WPTN
- Cookeville, Tennessee; United States;
- Broadcast area: Cookeville, Tennessee
- Frequency: 780 kHz
- Branding: 106.1 The Eagle

Programming
- Format: Classic hits

Ownership
- Owner: Cookeville Communications, LLC
- Sister stations: WKSW, WGSQ, WHUB

History
- First air date: 1962
- Former call signs: WPTN (1962-January 2010) WHUB (January–March 2010)

Technical information
- Licensing authority: FCC
- Facility ID: 13820
- Class: D
- Power: 1,000 watts day
- Transmitter coordinates: 36°9′48″N 85°31′29″W﻿ / ﻿36.16333°N 85.52472°W
- Translator: 106.1 W291CA (Cookeville)

Links
- Public license information: Public file; LMS;
- Webcast: Listen Live
- Website: 1061theeagle.com

= WPTN =

WPTN (780 AM, "106.1 The Eagle") is a radio station broadcasting a classic hits format.

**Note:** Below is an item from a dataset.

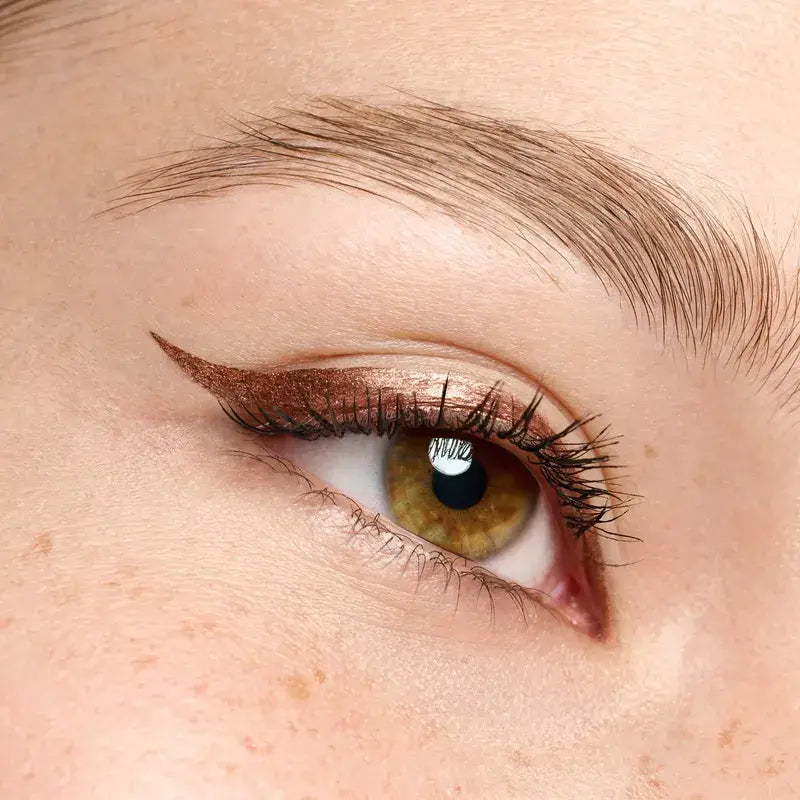 Essence Colour It! Metallic Eyeliner 01 , 3 ml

Licensed to Cookeville, Tennessee, United States, the station serves the Cookeville area. The station is owned by Cookeville Communications, LLC. Because WPTN broadcasts on the same frequency as "clear-channel" station WBBM in Chicago, Illinois, it only broadcasts during the daytime hours and is required to sign off at sunset.

==History==
WPTN is formerly a Top 40 station for the area in the 1980s. On November 3, 2017, WPTN changed their format from sports to classic hits, still branded as "106.1 The Eagle".